WIYN Observatory

Letter from the Director Regarding Hexpak and Gradpak

February 27, 2014

Dear WIYN Users,

We are happy to announce an opportunity to use two novel integral field units (IFUs) on a shared risk/shared use basis in observing semester 2014B. These IFUs, called "HexPak" and "GradPak", were designed and built (PI: Matt Bershady) at the University of Wisconsin's Washburn Astronomical Laboratories. Unlike typical IFUs, these new additions to WIYN's instrument suite have different sized fibers in the same IFU bundle: HexPak has a high spatial resolution core of 0.94 arcsec fibers subtending 6 arcsec in diameter, surrounded by a hexagonal array of 2.9 arcsec fibers subtending a 40.9 arcsec diameter; GradPak is a 39 X 55 arcsec rectangular array with rows of fibers varying from 1.9 arcsec to 5.6 arcsec. These new designs seek to resolve the competing needs of large grasp per fiber (telescope collecting area multiplied by the solid angle subtended by the fiber) to obtain sufficient S/N on low surface brightness features vs. smaller fibers to achieve better spatial resolution. HexPak was designed with face-on and early type galaxies in mind, with the smaller fibers to be placed on the higher surface brightness galaxy core. GradPak is ideal for edge-on systems, with the smaller fibers placed on or near the midplane. However, the use of the new IFUs is in no way restricted to these design goals; users should feel free to employ either fiber head to optimal effect for observing any type of extended object. You can read more about the new IFUs in Wood et al. 2012, Proceedings of the SPIE, Volume 8446, id. 84462W-84462W-10. See the figure below for a quick visual summary.

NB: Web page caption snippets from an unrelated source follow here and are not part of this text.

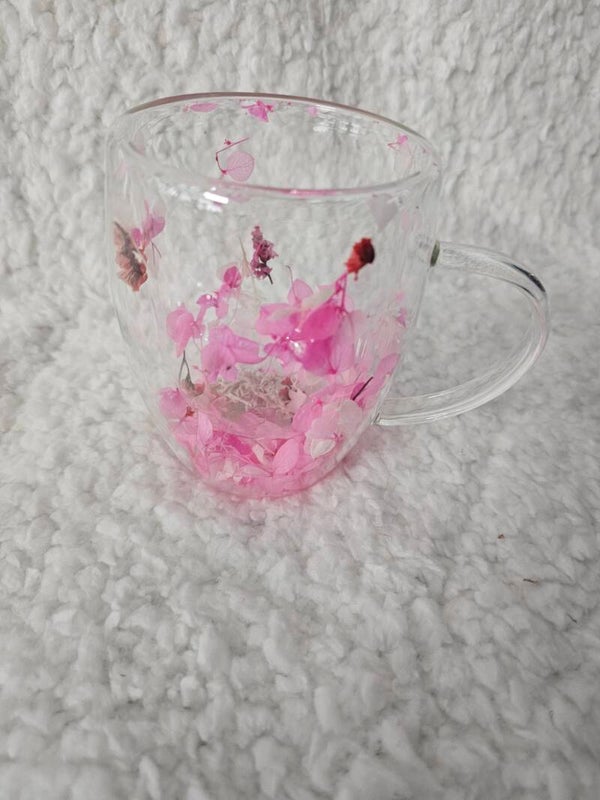 Koffie kop bloemen licht roze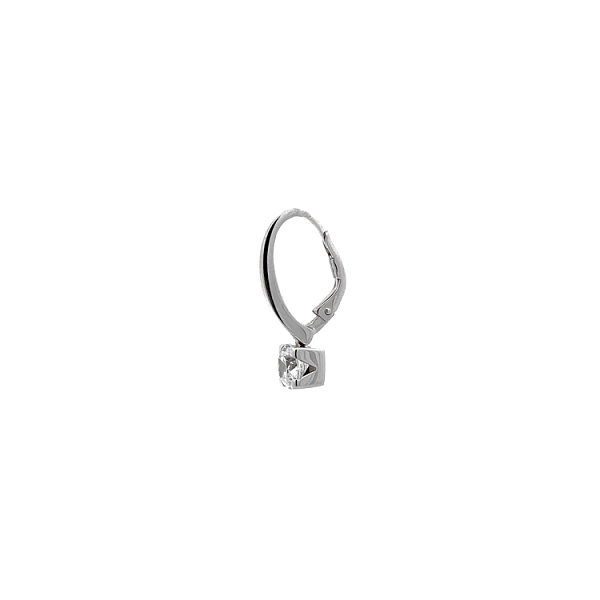 Vòng tai đeo dài bằng vàng trắng với đá zircon lấp lánh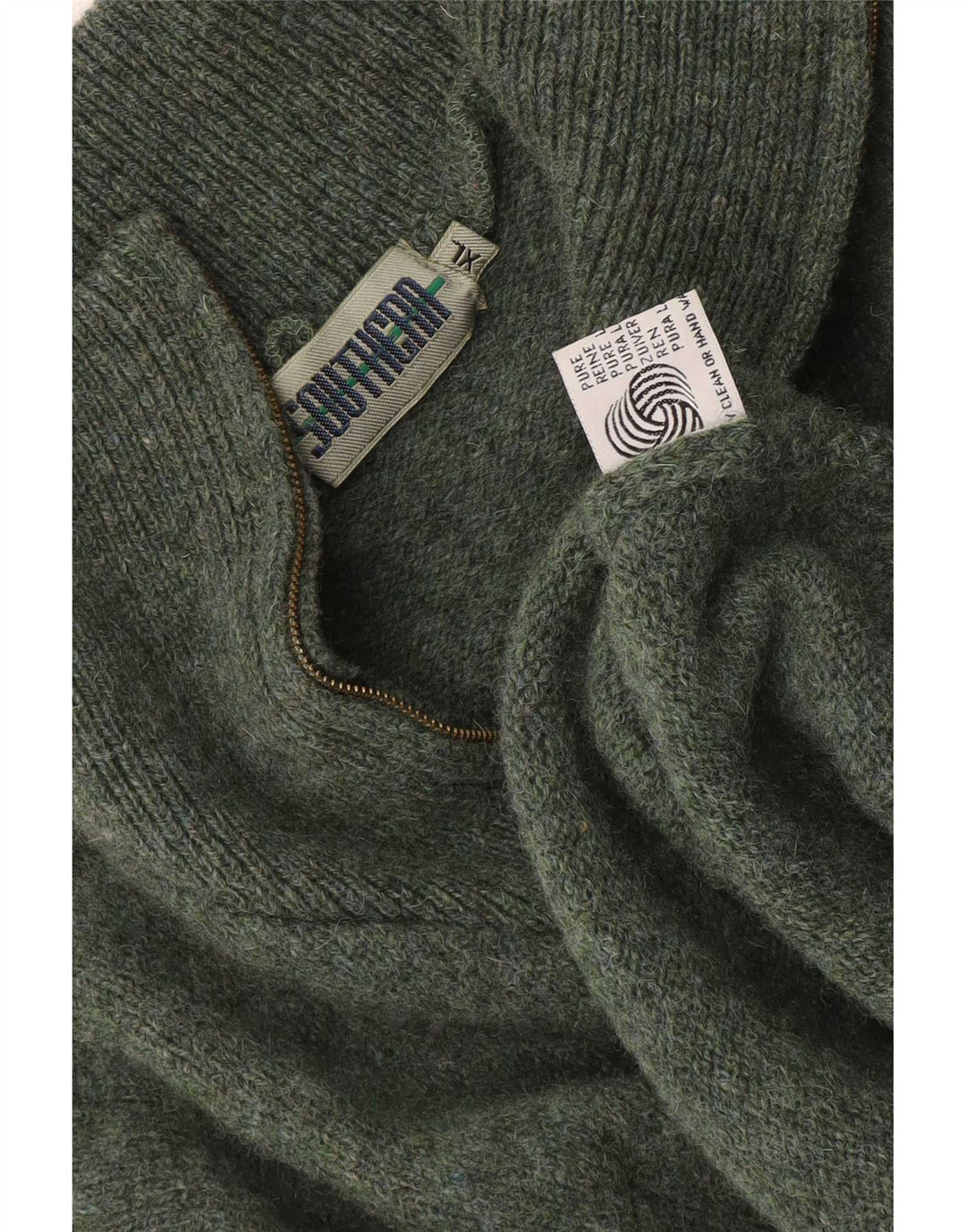 Vintage męski sweter z zamkiem błyskawicznym XL Khaki z dziewiczej wełny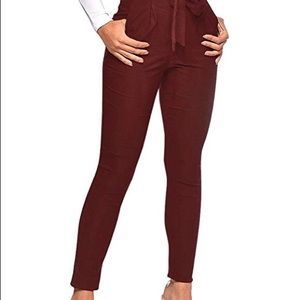 Maroon paper bag pants
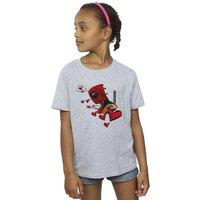 Marvel Girl's Deadpool Love Arrow Cotton T-Shirt in Grey | Size: 3-4 Years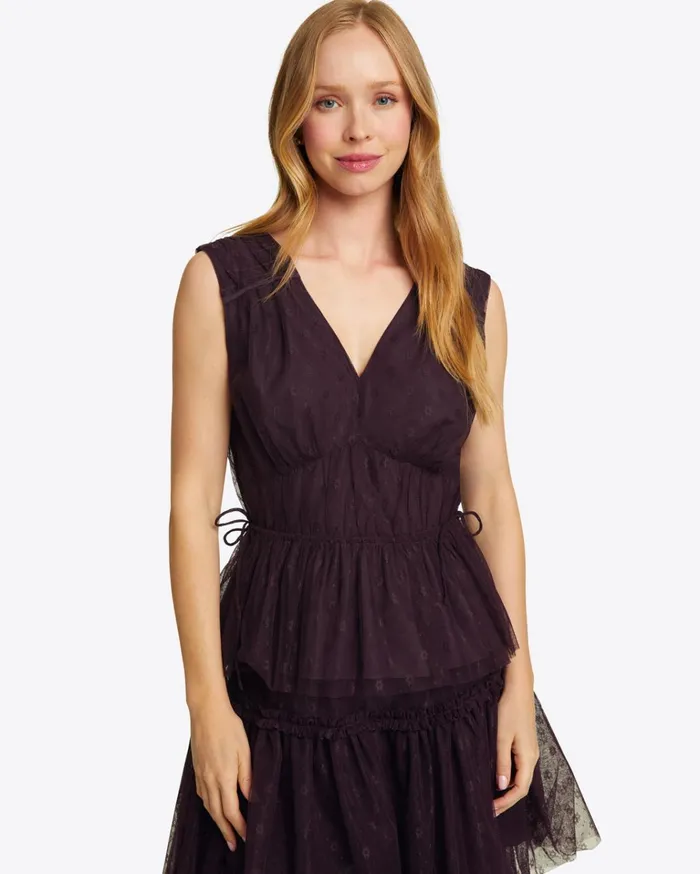 Draper James Morgan Top In Plum Tulle Women Tops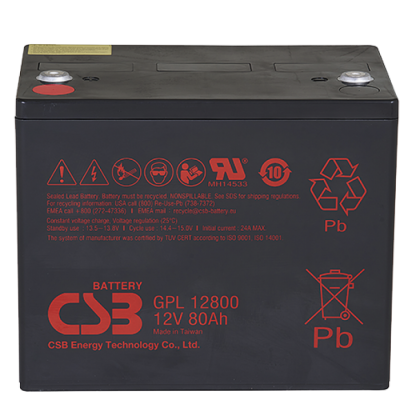 Аккумуляторная батарея CSB GPL12800 12V 80Ah Black (14321)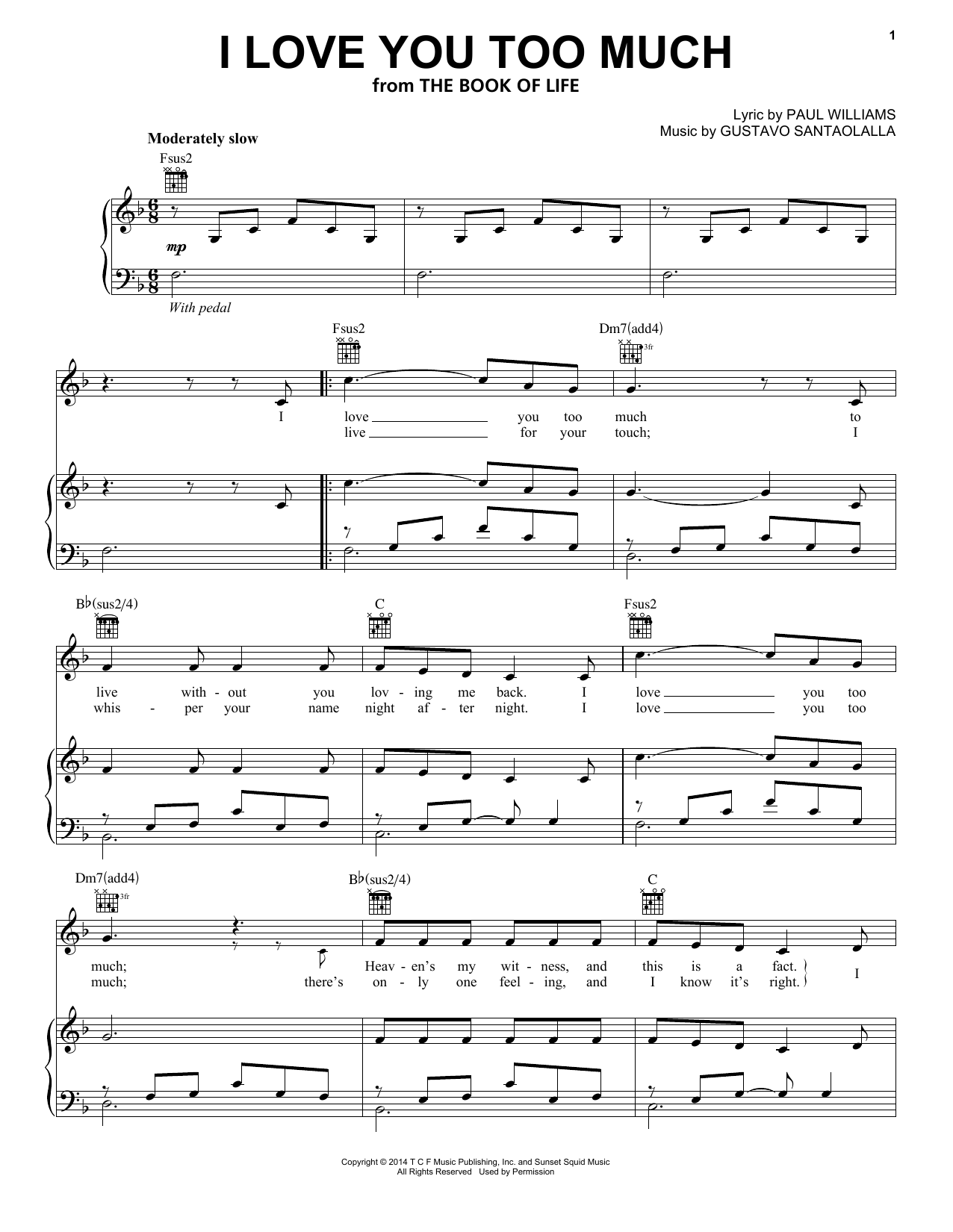 Paul Williams I Love You Too Much Sheet Music Notes & Chords for Piano, Vocal & Guitar (Right-Hand Melody) - Download or Print PDF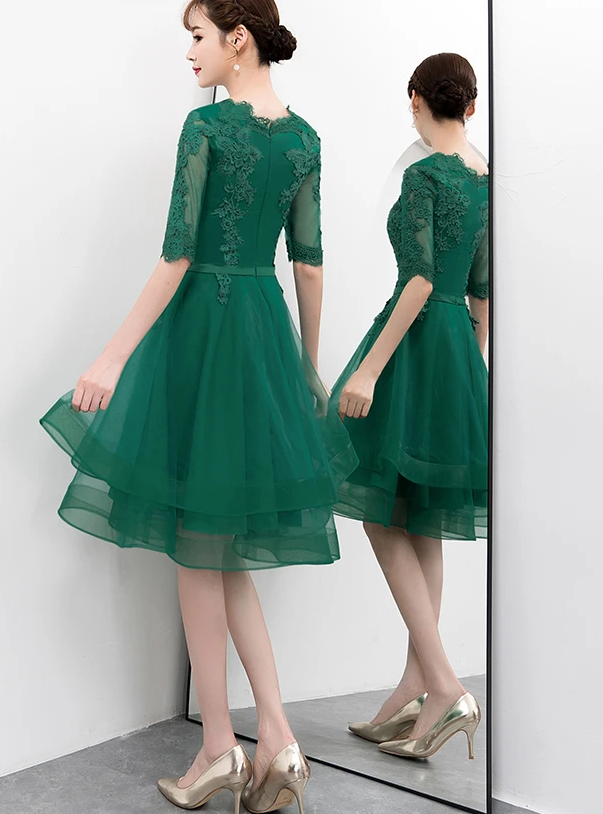 Charming Dark Green Tulle Knee Length Short Sleeves Party Dress Britney Homecoming Dresses CD12151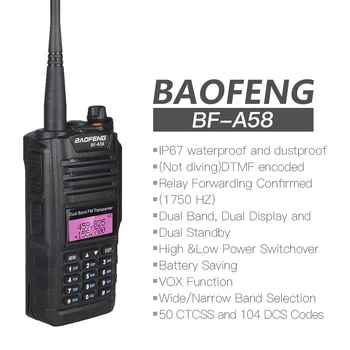42PCS BF-A58 Baofeng Nepremočljiva Walkie Talkie Radijski Skener VHF, UHF Dual Band CB Radijsko Postajo, bf a58 Sprejemnik, A-58 za Lov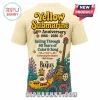 Yellow Submarine 60th Anniversary t-shirt with psychedelic guitar and waves graphic in retro style font and colors!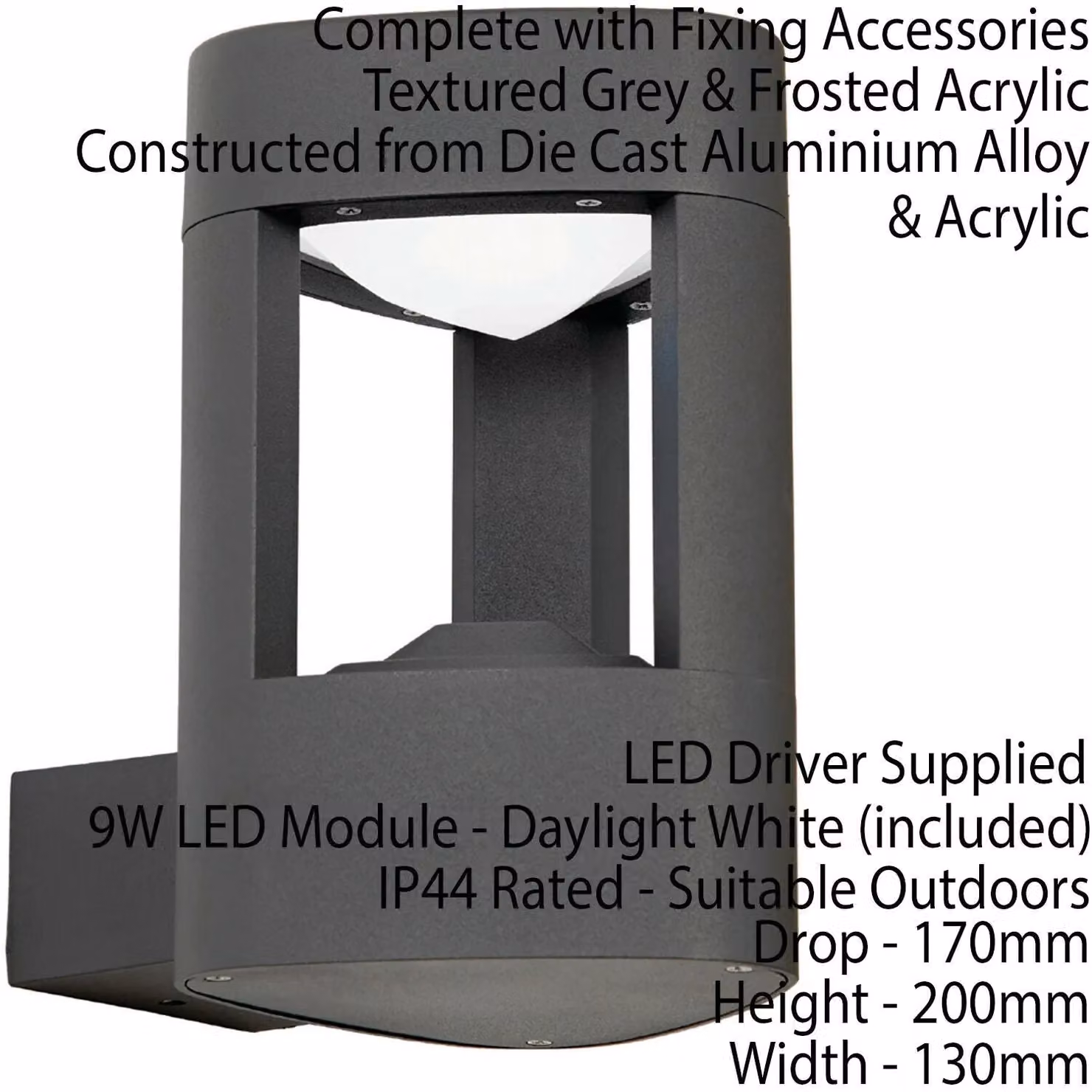 Loops Grey Aluminium LED Outdoor Wall Lantern IP44 – 2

SparsePak will continue to be offered as a WIYN facility instrument. The new IFUs will be mounted and will operate in a manner very similar to that of SparsePak.

The new IFUs were delivered to WIYN late last fall. Some limited on-sky observations were done, enough for basic proof of life; however, more thorough testing and characterization won’t be possible until after the IAS instrument package, which supports all of the IFUs, is re-mounted on WIYN later in this current (2014A) semester. In the interest of making these new instruments available to the WIYN community as quickly as possible, we are offering access to what will still be a PI-class instrument in the upcoming 2014B semester. Potential observers need to be aware of the relatively modest but non-zero risks involved, and proposers are strongly urged to craft an observing plan which could use SparsePak as a backup in the event of unforeseen problems.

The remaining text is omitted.